Rezerwacja leżaków ręcznikami na wakacjach jest zjawiskiem, które wzbudza wiele emocji i kontrowersji wśród turystów. Praktyka ta, często nazywana "towel reservation" lub "handtuchkrieg" (wojna ręczników), polega na zajmowaniu leżaków przy basenach, na plażach czy w innych popularnych miejscach wypoczynku poprzez umieszczanie na nich ręczników. Odbywa się to często już wczesnym rankiem, a niekiedy nawet późnym wieczorem.
Aby położyć kres tej nieuczciwej praktyce, Marko Grubelić, burmistrz Tribunja w Chorwacji, postanowił wziąć sprawy w swoje ręce. Zainicjował akcję zbierania pozostawionych na plażach leżaków, ręczników, mat i składanych krzeseł. Na uwagę zasługuje fakt, że przedmioty, często zostawiane w najbardziej atrakcyjnych lokalizacjach, skutecznie blokowały dostęp do plaży innym osobom.
Zamiast po prostu konfiskować zebrane przedmioty, władze gminy postanowiły wprowadzić system, który ma zniechęcić do tej praktyki w przyszłości. Otóż właściciele mogą odzyskać swoje rzeczy, ale muszą w zamian podać swoje dane osobowe. Te informacje będą wykorzystane do wystawienia rachunku za nieuprawnione korzystanie z przestrzeni publicznej.

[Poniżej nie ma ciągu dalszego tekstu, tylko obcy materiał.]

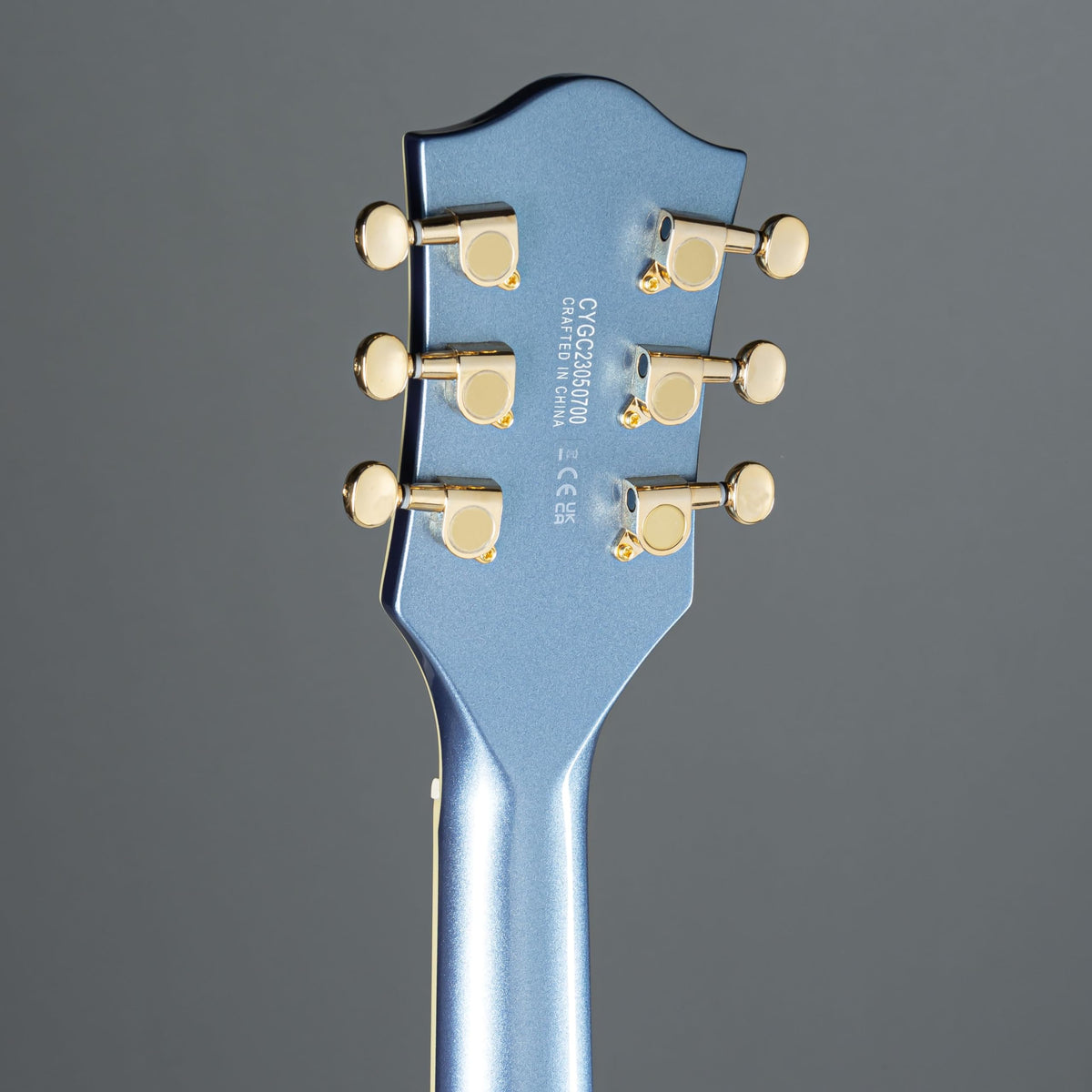 Gretsch G5655TG Semi-Hollow Electric Guitar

Dalsza część artykułu pod materiałem wideo
"Myśleliśmy, że już się nauczyli"
Grubelić podkreślił, że akcja ta jest coroczną tradycją mającą na celu edukację mieszkańców i turystów. W tym roku władze początkowo wstrzymały się z interwencją, licząc na to, że ludzie nauczyli się już odpowiedniego zachowania, ale nic z tych rzeczy. Obserwacja sytuacji na plażach skłoniła burmistrza do ponownego podjęcia działań.
Skala zjawiska "rezerwowania" miejsc na plażach jest znacząca. W ciągu zaledwie 30-45 minut akcji zbierania, udało się wypełnić cały samochód dostawczy różnymi przedmiotami pozostawionymi na plaży.
Inicjatywa gminy Tribunj może stanowić inspirację dla innych nadmorskich miejscowości borykających się z podobnymi problemami. Łącząc edukację z konsekwencjami finansowymi, władze mają nadzieję na trwałą zmianę zachowań i zapewnienie równego dostępu do plaż dla wszystkich.